WHAT YOU HAVE TO DO
Print the data exactly. Omit the pictures.

DATASET CONTENT

──────────

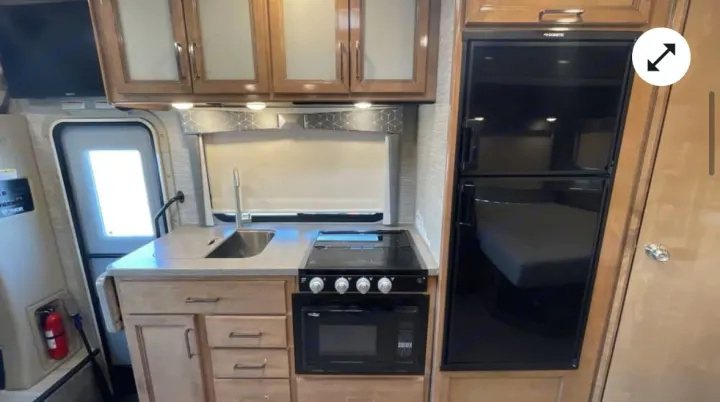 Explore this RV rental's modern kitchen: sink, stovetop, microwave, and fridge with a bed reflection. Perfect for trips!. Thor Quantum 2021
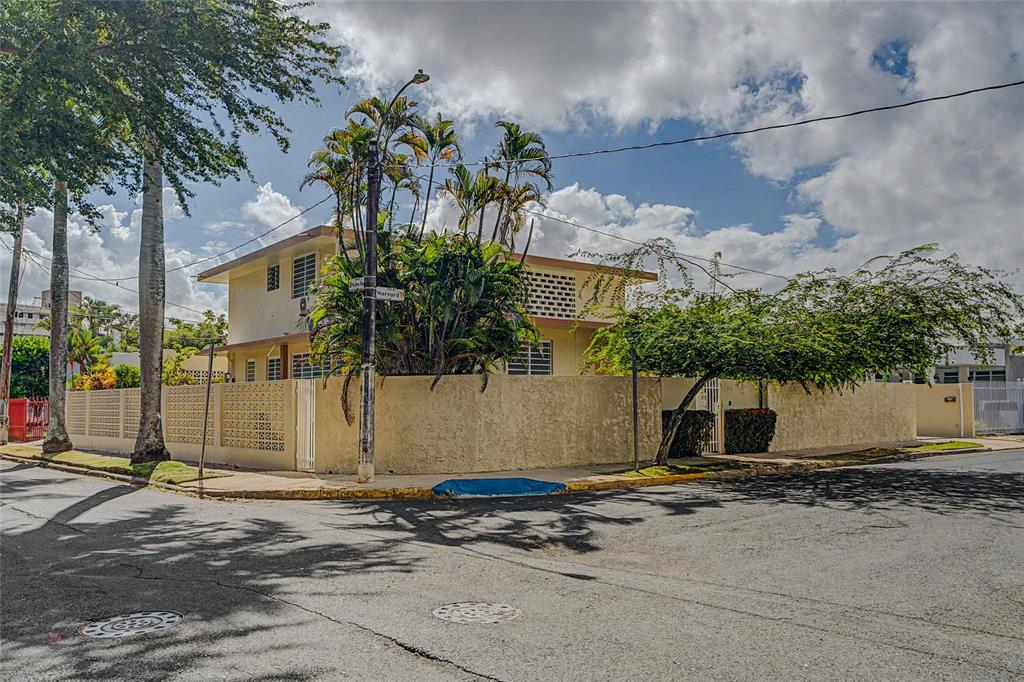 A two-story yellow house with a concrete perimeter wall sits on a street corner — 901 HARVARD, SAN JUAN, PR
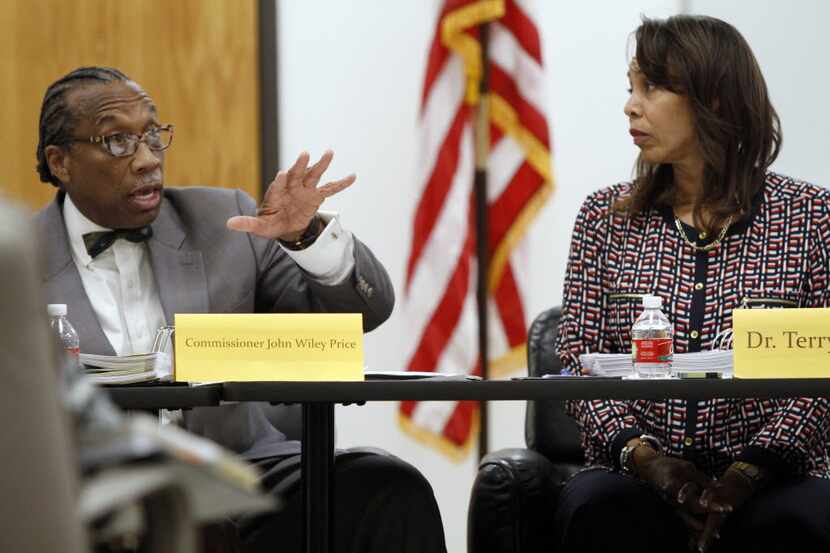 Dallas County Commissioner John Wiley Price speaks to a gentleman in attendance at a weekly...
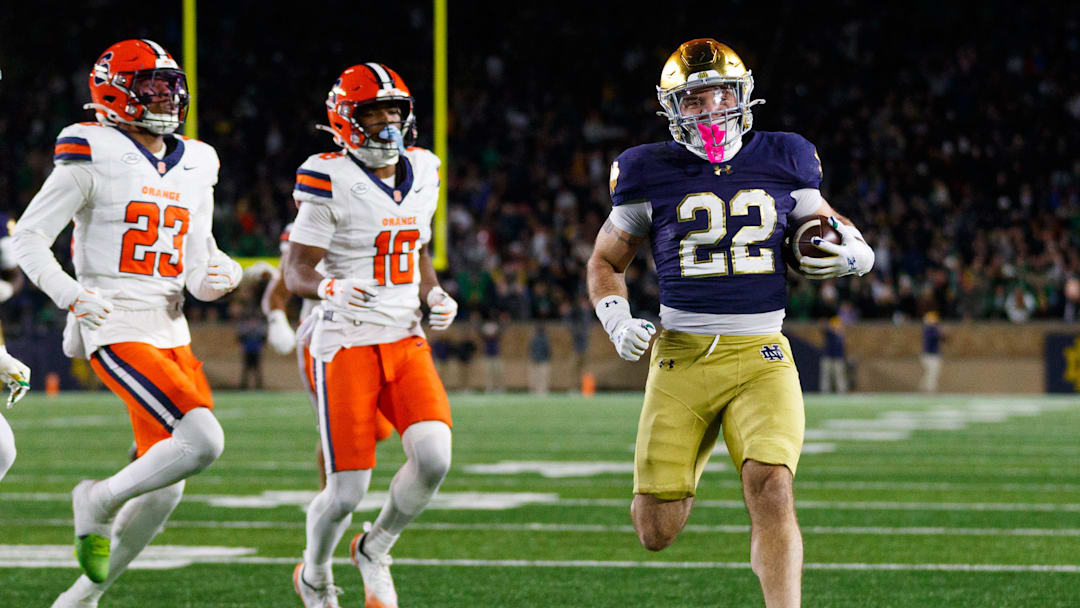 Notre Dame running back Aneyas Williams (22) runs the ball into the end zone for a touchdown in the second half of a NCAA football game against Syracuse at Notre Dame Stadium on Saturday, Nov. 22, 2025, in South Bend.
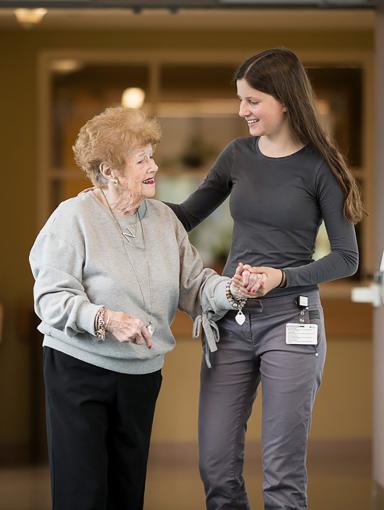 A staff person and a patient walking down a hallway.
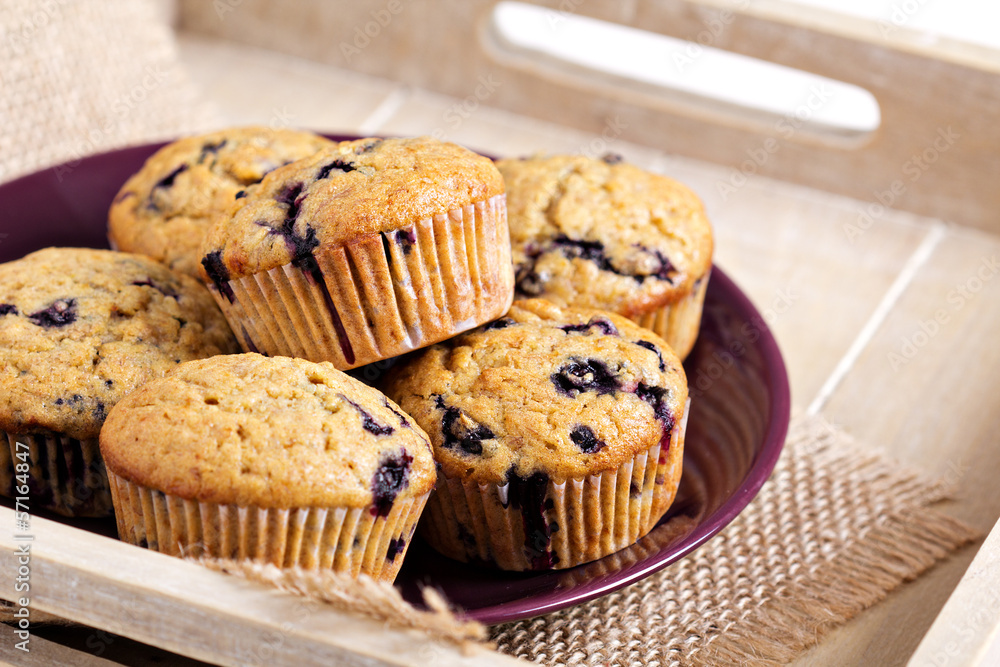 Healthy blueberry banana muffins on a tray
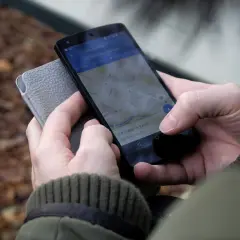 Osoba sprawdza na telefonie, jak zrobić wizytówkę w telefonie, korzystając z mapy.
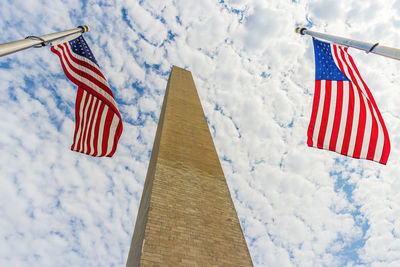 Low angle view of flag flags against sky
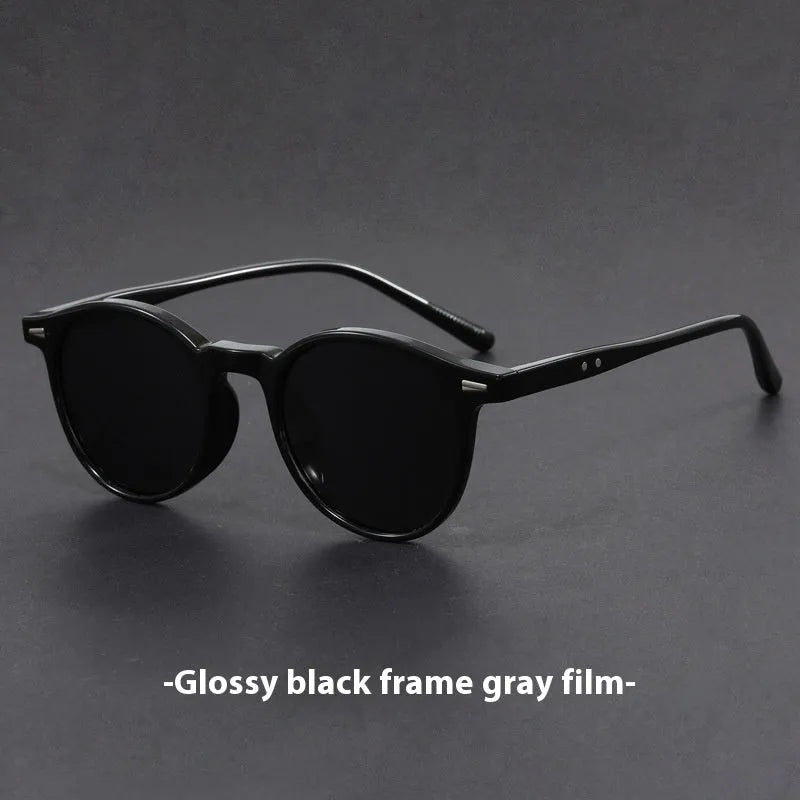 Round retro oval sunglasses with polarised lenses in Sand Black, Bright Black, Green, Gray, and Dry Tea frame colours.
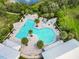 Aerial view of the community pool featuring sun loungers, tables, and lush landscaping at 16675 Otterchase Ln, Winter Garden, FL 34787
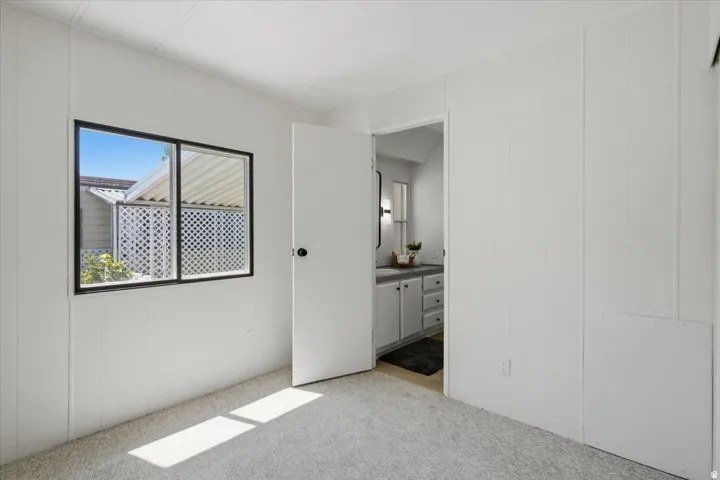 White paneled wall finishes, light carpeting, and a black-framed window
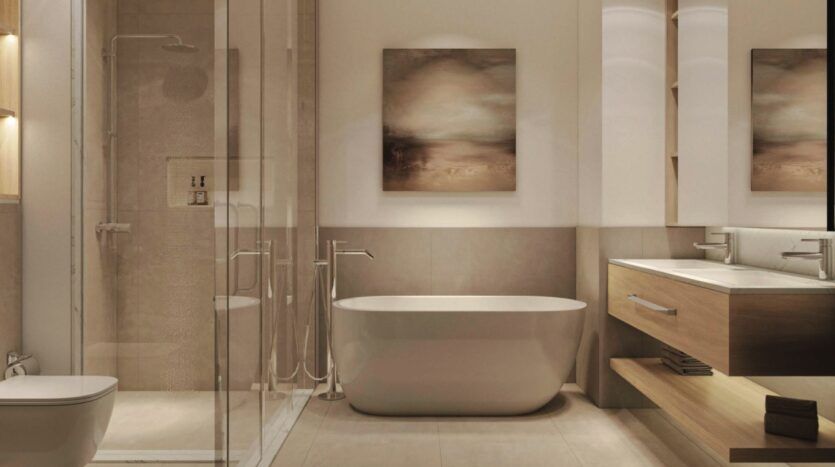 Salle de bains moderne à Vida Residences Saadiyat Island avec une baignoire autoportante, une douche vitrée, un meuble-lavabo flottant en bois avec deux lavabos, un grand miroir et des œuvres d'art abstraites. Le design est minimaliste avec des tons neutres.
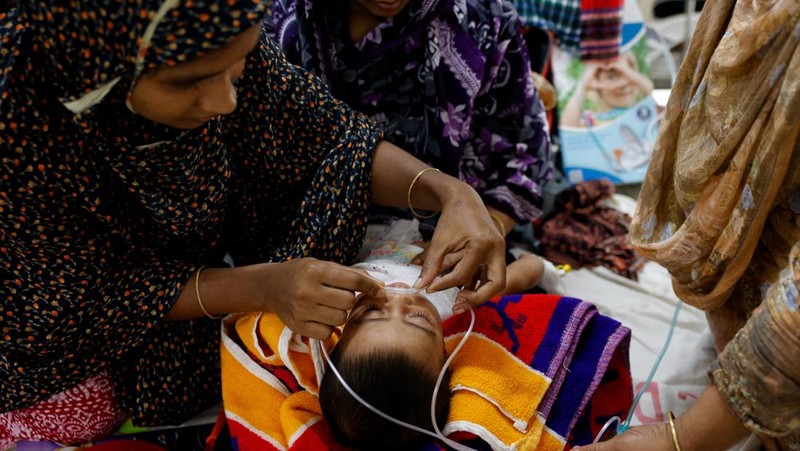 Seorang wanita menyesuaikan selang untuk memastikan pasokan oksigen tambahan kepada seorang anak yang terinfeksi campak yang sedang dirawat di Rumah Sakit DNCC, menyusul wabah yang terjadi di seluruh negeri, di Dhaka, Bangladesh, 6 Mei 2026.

──────────

FINISHED TASK
 Explore this RV rental's modern kitchen: sink, stovetop, microwave, and fridge with a bed reflection. Perfect for trips!. Thor Quantum 2021
 A two-story yellow house with a concrete perimeter wall sits on a street corner — 901 HARVARD, SAN JUAN, PR
 Dallas County Commissioner John Wiley Price speaks to a gentleman in attendance at a weekly...
 Notre Dame running back Aneyas Williams (22) runs the ball into the end zone for a touchdown in the second half of a NCAA football game against Syracuse at Notre Dame Stadium on Saturday, Nov. 22, 2025, in South Bend.
 A staff person and a patient walking down a hallway.
 Healthy blueberry banana muffins on a tray
 Osoba sprawdza na telefonie, jak zrobić wizytówkę w telefonie, korzystając z mapy.
 Low angle view of flag flags against sky
 Round retro oval sunglasses with polarised lenses in Sand Black, Bright Black, Green, Gray, and Dry Tea frame colours.
 Aerial view of the community pool featuring sun loungers, tables, and lush landscaping at 16675 Otterchase Ln, Winter Garden, FL 34787
 White paneled wall finishes, light carpeting, and a black-framed window
 Salle de bains moderne à Vida Residences Saadiyat Island avec une baignoire autoportante, une douche vitrée, un meuble-lavabo flottant en bois avec deux lavabos, un grand miroir et des œuvres d'art abstraites. Le design est minimaliste avec des tons neutres.
 Seorang wanita menyesuaikan selang untuk memastikan pasokan oksigen tambahan kepada seorang anak yang terinfeksi campak yang sedang dirawat di Rumah Sakit DNCC, menyusul wabah yang terjadi di seluruh negeri, di Dhaka, Bangladesh, 6 Mei 2026.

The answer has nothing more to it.